Questions asked by suppliers

Questions asked by suppliers
Supplier question Buyer answer
1. Is there incumbent already completing this work or is this a new piece of work? We can confirm there is not an incumbent for this requirement. As described in the advert, this work has been advertised for four Domains – Air, Land and Maritime have already been advertised and this is the final Domain advert (Joint).
2. Can a bidder win more than one of the CVIaaS domains? The CVIaas Domains have been published as separate requirements, so it is possible for a single bidder to win more than one of the contracts.
3. Your requirement says you require SC clearance and MOD will not sponsor.
However, DOS framework rules state "You shouldn’t exclude suppliers if they don’t currently have the security clearance you need" and CCS have stated that "[DOS] Buyers cannot exclude prospective suppliers for not holding a security clearance. If they were to require security clearance, they must state that the buyers will sponsor them if they are to be awarded the contract."
Can you explain why you are not following the framework rules for this procurement and excluding suppliers from bidding for this work?

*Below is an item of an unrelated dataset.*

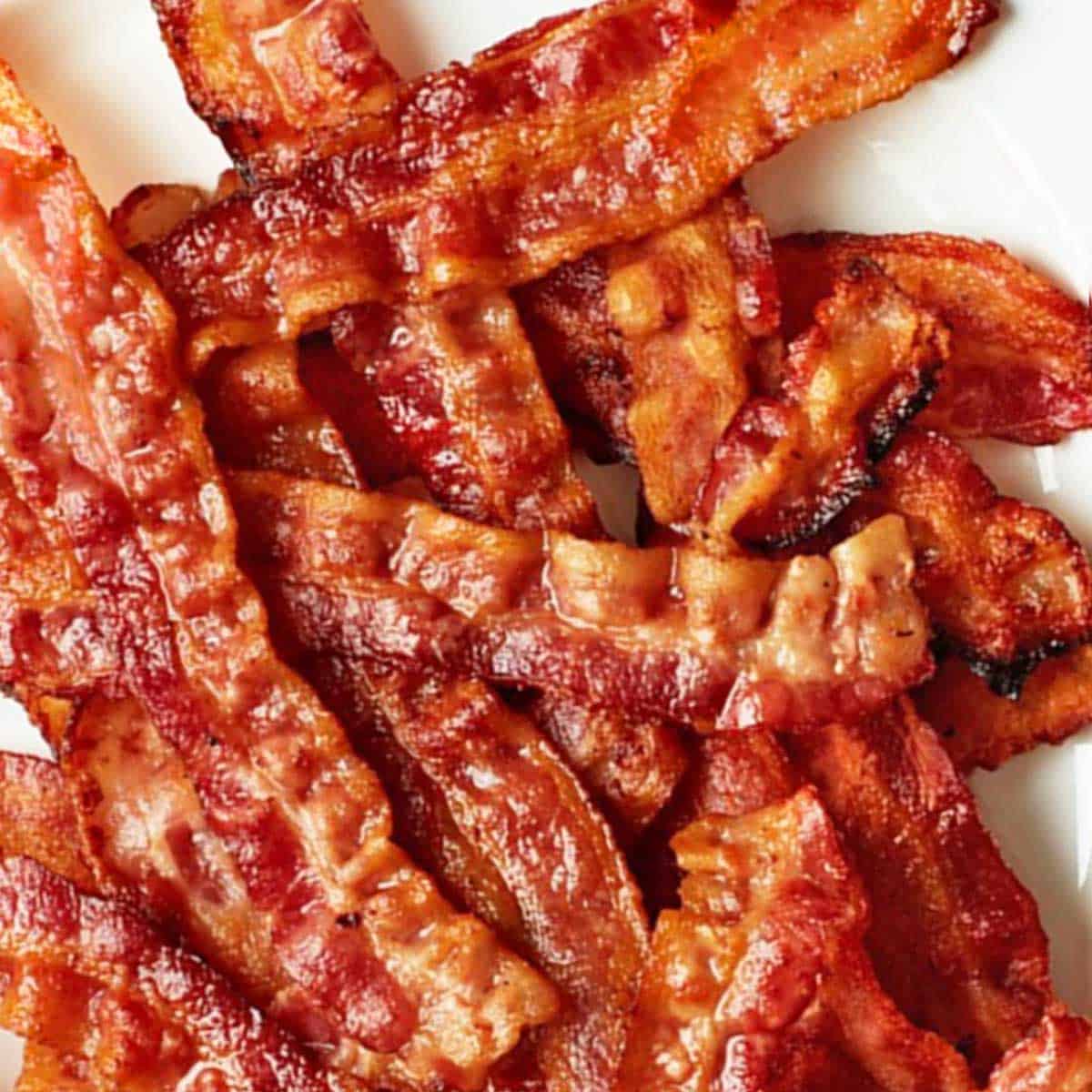 A pound of crispy, golden brown bacon cooked in the oven.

Due to the nature of this requirement, it is necessary for all suppliers to have a minimum of SC clearance in place prior to applying for the work in order for the Supplier to review the Stage 2 documentation and to begin tasking from Day 1 of the contract – CCS have agreed this approach in these circumstances.

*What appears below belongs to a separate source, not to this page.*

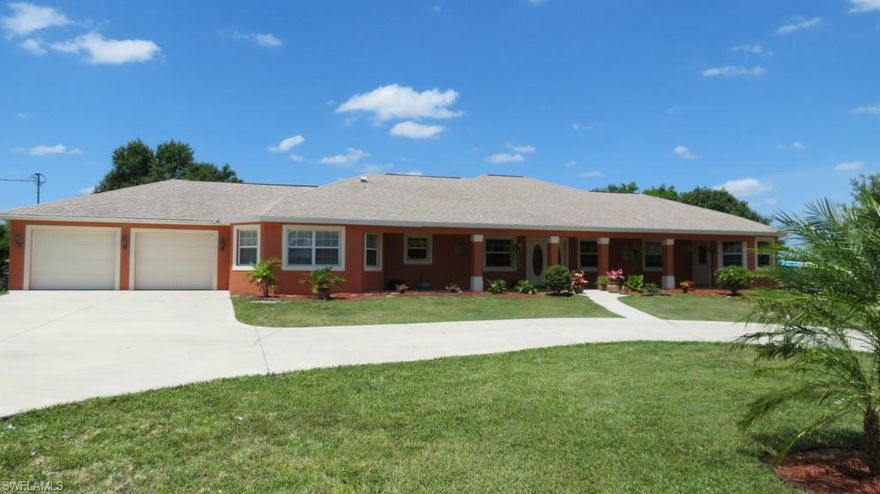 Gorgeous home built in 2006, situated on 3 beautiful acres, approx 40 oak trees, 396 feet of waterfront on canal that runs length of property, a pond that is fully stocked with big bass. 4 bedrooms, including large mother-in-law suite that is separate from other bedrooms with private entrance, private bathroom, and walk in closet. Plenty of space and a wide open lay out, this home could easily be 5 or 6 bedrooms.  18 terracotta porcelain tile throughout most of home, trayed ceilings in master & mother-in-law suite.  Master suite is huge with extra luxurious bath, double vanity, lg walk-in shower with 2 shower heads, separate Jacuzzi  tub & large walk in closet, master also  has an adjoining  room with hard wood flooring which could be used as a nursery, work out room or office with it's own private entrance. Large chef's style kitchen that features high ceilings, stainless appliances, island, and tons of cabinets and counter space. Sprinkler system, alarm system, dock and much more.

4. 1. Please can you confirm what the Military Joint domain includes e.g. does this include systems and processes at DE&S, AWE and other agencies
2. Please confirm the locations in-scope within this domain.
Targets of Investigation (ToI) and locations cannot be provided at this point due to their classification. An example ToI will be provided for those suppliers who reach Stage 2, this should give an idea of the type of ToIs that will be included in the Joint Domain. Further ToIs will not be discussed until after Contract Award.